The news came out a few days ago that Adobe will not release a seventh iteration of its Creative Suite software, instead moving to a subscription model called Creative Cloud.

And then my email, Twitter, RSS and Facebook accounts all exploded with rage about how THOSE GREEDY BASTARDS DON’T UNDERSTAND I NEED TO PIRATE THEIR SOFTWARE SO I CAN DO MY OWN CREATIVE WORK AND HOPE IT ISN’T STOLEN, AS WELL!!

Or something like that.

Adobe has essential moved to a pay-as-you-go model – you want Photoshop for a month? That’s $20. (Or thereabouts, there is some confusion on the costs of all this, but that seems to be the generally accepted number at the moment.)

As photojournalists, Photoshop – even in its massive overkillingness – is still the standard. If you bought a fully, appropriately licensed version of it (because, OF COURSE you would NEVER pirate it or claim to be a student) you’d pay about $625 for it.

Let’s say you run it for two years before doing an upgrade, that puts you at $31.25 a month. Now, the upgrade is less at about $200. So, the next two years end up costing you $8.33 a month. Over four years, you’ve spent $18.17 a month to license (not own) Photoshop. And you may have skipped an upgrade.

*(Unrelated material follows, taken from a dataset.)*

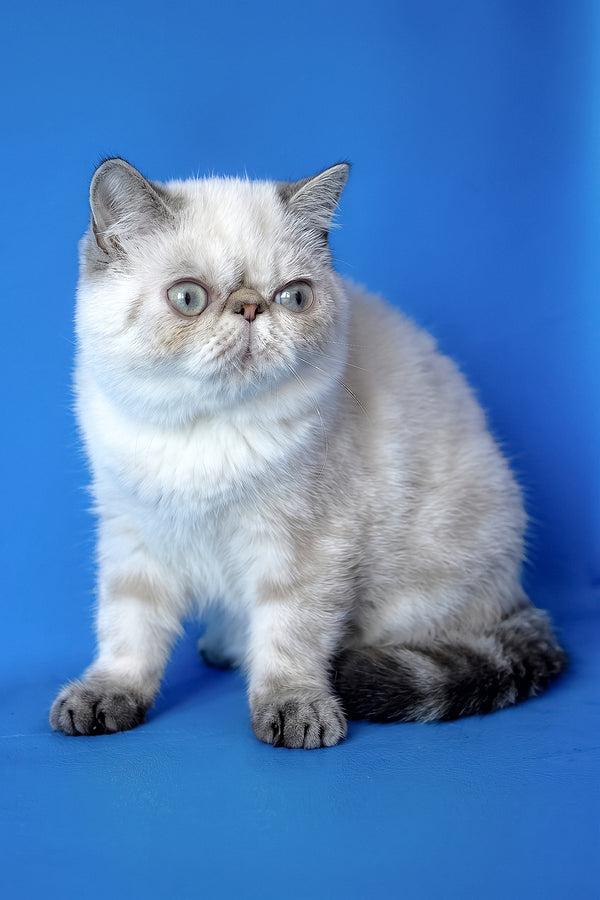 Peni | Exotic Shorthair Kitten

Under the new plan, Photoshop is going to cost you … $20 a month. Or a small coffee every 30 days. And all those smart folks who in their businesses charge equipment rental fees to clients? You can now charge them for software rental, too. And mark it up.

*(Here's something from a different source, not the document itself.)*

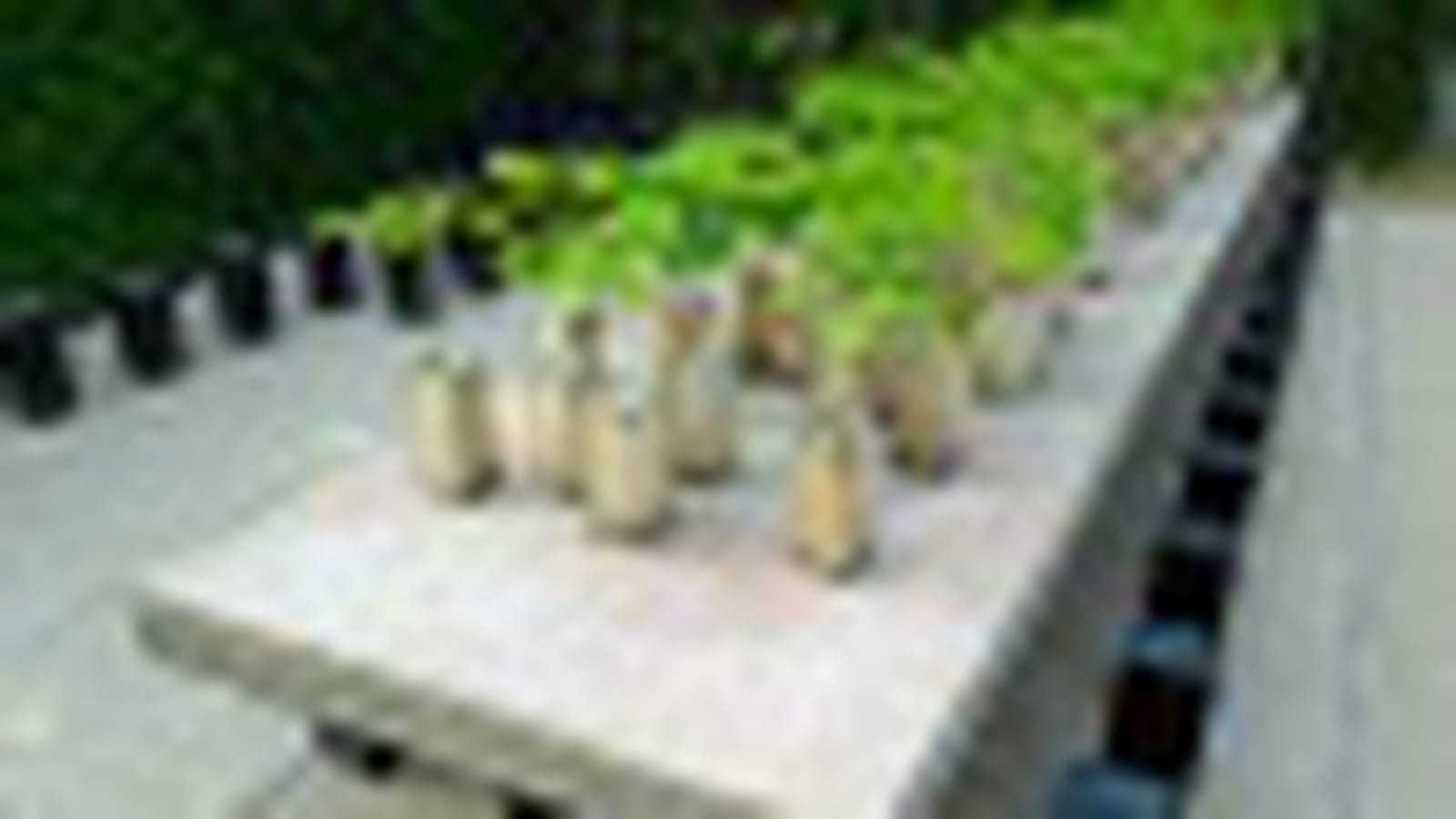 Le jardin Forest table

So, to sum up: If you’re starting out, you can shell out $625 for Photoshop CS6 right now and be locked in to it for however long you want to run it. Or, you can shell out $20 a month and get all the updates … and, for the next four years, your monthly cost will be about the same.

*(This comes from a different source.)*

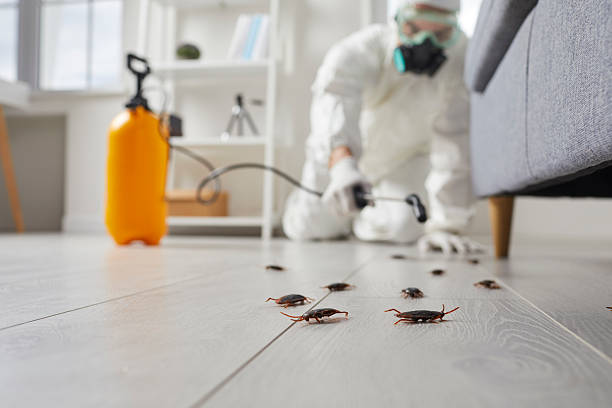 Commercial Kitchen Cockroach Control in Three Oaks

Can we stop freaking out now?

When the Drone Becomes the Story

We joke about launching a Drone Journalism program here at the University of Georgia’s Grady College of Journalism and Mass Communication and, if we ever did (we won’t), I suppose we’d have to have an ethics and/or business class to deal with what happens when your drone crashes into Lady Justice.

(Thanks to Doral Chenoweth for the link.)

All’s Quiet in the Courts

Had I been a little smarter when I was a shooter, I bet I could have convinced my bosses that they had to buy me Leica M rangefinders when they sent me to court. According to a Michael Zhang article at PetaPixel, several states use the Leicas as the standard for sound.

The video is kind of cool, but a little deceptive – the M7 sound is just the shutter tripping, while the digital Ms have the shutter firing and cocking, something that doesn’t happen on an analog M until you advance the film.

Celebrating the Father of Animated GIFs

Ever wonder who did the first animated GIF? It was Eadwerd Muybridge … in about 1872.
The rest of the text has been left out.